Book The Observing Self  Routledge Revivals

Download or read book The Observing Self Routledge Revivals written by Graham Good and published by Routledge. This book was released on 2014-08-01 with total page 227 pages. Available in PDF, EPUB and Kindle. Book excerpt: First published in 1988, this title is a study of the essay as a literary genre, not just in terms of its general intellectual and literary history, but as an exploration of the creative possibilities of the form. The rise of the essay is discussed in relation to the rise of the novel and the emergence of empiricism in science, but the main focus of Graham Good’s study is on the inner workings of the essay itself. Drawing on criticism by Adorno and Lukacs, Graham Good presents the genre as an expression of individualism, freed from tradition and authority, in which the self constructs itself and its object through independent observation. Through analysis of the work of such essayists as Montaigne, Bacon, Virginia Wolf, T. S. Eliot and George Orwell, the potential of the genre for independence and individualism is illustrated, and the essay is resituated as an intellectually challenging form of creative and critical writing.

Book Varieties of Exile

Download or read book Varieties of Exile written by Hallvard Dahlie and published by UBC Press. This book was released on 2011-11-01 with total page 228 pages. Available in PDF, EPUB and Kindle. Book excerpt: Isolation, remoteness from one's native land, and the loss of language are but a few of the themes that recur in the literature of exile written over the centuries. In this book, the first study of the theme of exile in Canadian literature, Hallvard Dahlie brings together a broad spectrum of Canadian writers -- writers from the Old World who have become exiles to Canada, but also Canadians who have exiled themselves for varying periods from Canada.

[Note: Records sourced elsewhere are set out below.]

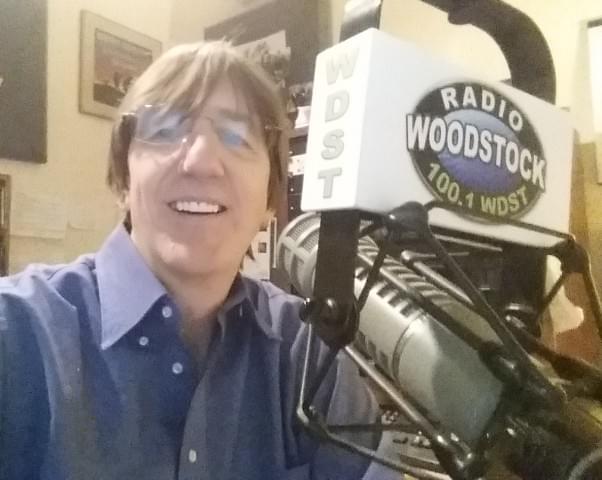 Acoustic Breakfast 6/1/19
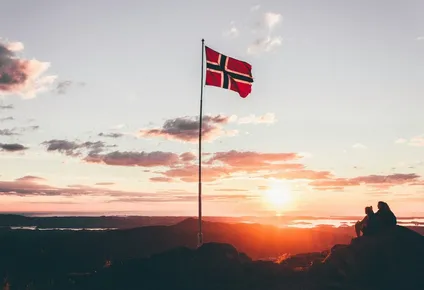 Noruega le abre las puertas a trabajadores españoles con sueldos de 4000 euros
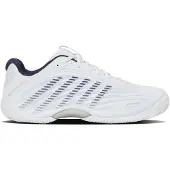K-Swiss Hypercourt Express 3 Savikentän Kengät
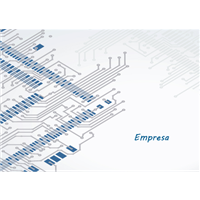 Cartão Postal Construção Civil 24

Book John Hay  Friend of Giants

    Book Details:
  • Author : Philip McFarland
  • Publisher : Rowman & Littlefield
  • Release : 2017-03-15
  • ISBN : 1442222832
  • Pages : 383 pages

Download or read book John Hay Friend of Giants written by Philip McFarland and published by Rowman & Littlefield. This book was released on 2017-03-15 with total page 383 pages. Available in PDF, EPUB and Kindle. Book excerpt: Now, perhaps, only those enmeshed in 19th-century American history know his name; but when John Hay died in 1905, he was one of the most famous men in the world. And one of the most highly regarded. Abraham Lincoln’s private secretary during the Civil War, thereafter as a popular poet, novelist, newspaper editor, highly esteemed historian and biographer, diplomat, businessman, and secretary of state until his death, Hay enjoyed remarkable success in public and private life. In John Hay, Friend of Giants, Philip McFarland presents both the intimate story of Hay’s relationship with four prominent figures of his age and an insightful history of the United States from the 1850s to the turn of the century. Hay’s life and extraordinary friendships provide a window into the politics, literature, society, and diplomacy of this remarkable era of American expansion.